Question

The least positive integer K for which$k\left( {{n}^{2}} \right)\left( {{n}^{2}}-{{1}^{2}} \right)\left( {{n}^{2}}-{{2}^{2}} \right)\left( {{n}^{2}}-{{3}^{2}} \right).......\left[ {{n}^{2}}-{{\left( n-1 \right)}^{2}} \right]=r!$ for some positive integers r is?
A) 2002
B) 2004
C) 1
D) 2

Answer 1

In this question it is the given series that is $k\left( {{n}^{2}} \right)\left( {{n}^{2}}-{{1}^{2}} \right)\left( {{n}^{2}}-{{2}^{2}} \right)\left( {{n}^{2}}-{{3}^{2}} \right).......\left[ {{n}^{2}}-{{\left( n-1 \right)}^{2}} \right]=r!$ and we have to expand the series by using properties such as ${{a}^{2}}-{{b}^{2}}=(a-b)(a+b)$. Now, we have to select the value of least positive integer in such a way that the value of r will be positive integer. So, this is the approach for such types of problems.

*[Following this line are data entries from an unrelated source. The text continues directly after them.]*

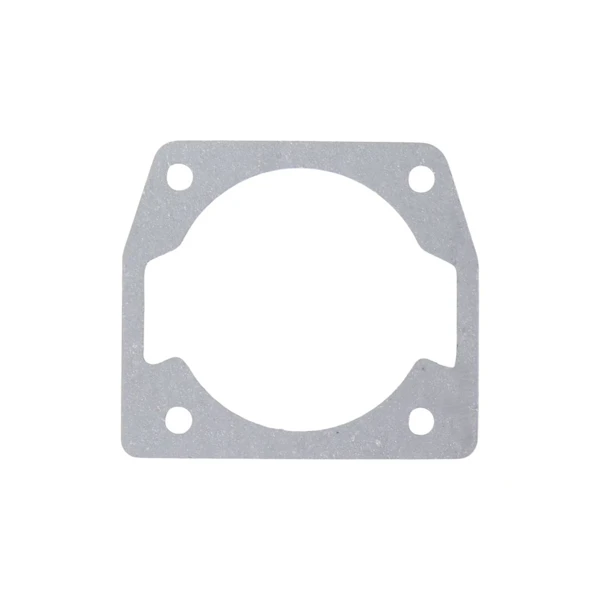 HS PARTS kompletter Zylinder mit 45,2 mm Kolben für chinesische Kettensägen und Hobbymarktsägen 58 cc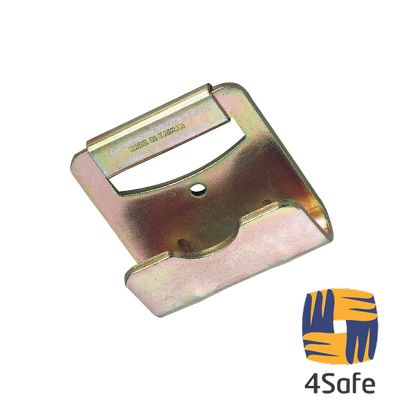 4Safe 2''Flat Hook - A3015AA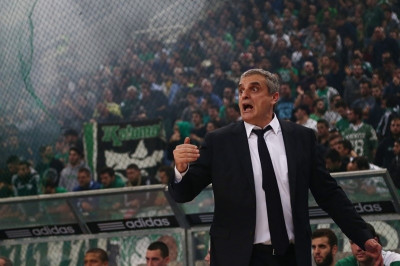Πεδουλάκης: «Ο Παναθηναϊκός είναι πάντα ενωμένος»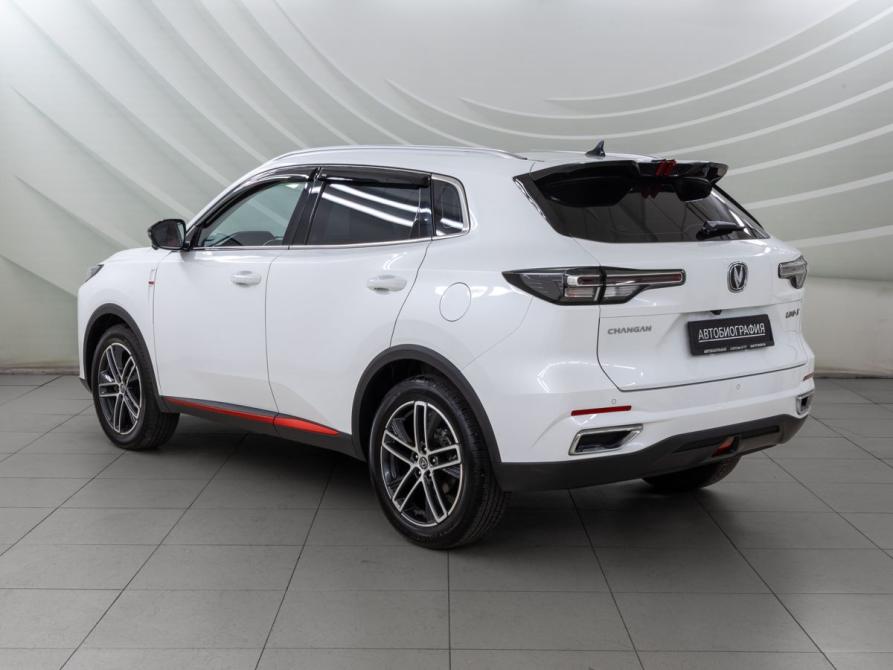 Changan CS55 Plus II Волгоград  - изображение 5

Complete step by step answer:
According to the given series is that
$k\left( {{n}^{2}} \right)\left( {{n}^{2}}-{{1}^{2}} \right)\left( {{n}^{2}}-{{2}^{2}} \right)\left( {{n}^{2}}-{{3}^{2}} \right).......\left[ {{n}^{2}}-{{\left( n-1 \right)}^{2}} \right]=r!$
We have to find the values of k such that that positive integer of r
If you observe carefully in series it is in the form of${{a}^{2}}-{{b}^{2}}$
So, first of all we have to expand the series by using the property of ${{a}^{2}}-{{b}^{2}}=(a-b)(a+b)$
After expanding this series we get:
$k\left( {{n}^{2}} \right)\left( n-1 \right)\left( n+1 \right)\left( n-2 \right)\left( n+2 \right)\left( n-3 \right)\left( n+3 \right).......\left( n-\left( n-1 \right) \right)\left( n+\left( n-1 \right) \right)=r!$
After simplifying this series we get:
$k\left( {{n}^{2}} \right)\left( n-1 \right)\left( n+1 \right)\left( n-2 \right)\left( n+2 \right)\left( n-3 \right)\left( n+3 \right).......\left( 2n-1 \right)=r!$
So in this series we can split ${{n}^{2}}$ as $n.n$ we get:
$k\left( n \right)\left( n \right)\left( n-1 \right)\left( n+1 \right)\left( n-2 \right)\left( n+2 \right)\left( n-3 \right)\left( n+3 \right).......\left( 2n-1 \right)=r!$
After solving this above series we get:
$k.n.1.2.............\left( n-1 \right)n\left( n+1 \right)\left( n+2 \right).......\left( 2n-1 \right)=r!$
If you observe carefully in the above series then it is look similar like a factorial
That means it is a factorial of $\left( 2n-1 \right)$ which is represented as $\left( 2n-1 \right)!$
So the above series can also be written as
$kn\left( 2n-1 \right)!=r!----(1)$
So we have to select least integer K in such a way that we get the positive integer of r
If we substitute the value of $k=2$. Then we get the positive integer value of r
That means
Substitute $k=2$ and $n=1$ in equation (1) we get:
$r!=2!$
$\therefore r=2$
Hence, we get after substituting the value of $r=2$ in equation (1).
$2n!=2!$
Therefore, option (D) is correct.

Note:
Always remember in this type of problem is that we have to expand the series by using the correct property of basic property. Don’t make a mistake while selecting the value of K because we can’t take the value which gives a negative integer. According to the question we have to select the least integer values of K which gives a positive integer value of r. See the question what is asked and the condition which is given then solve the problems.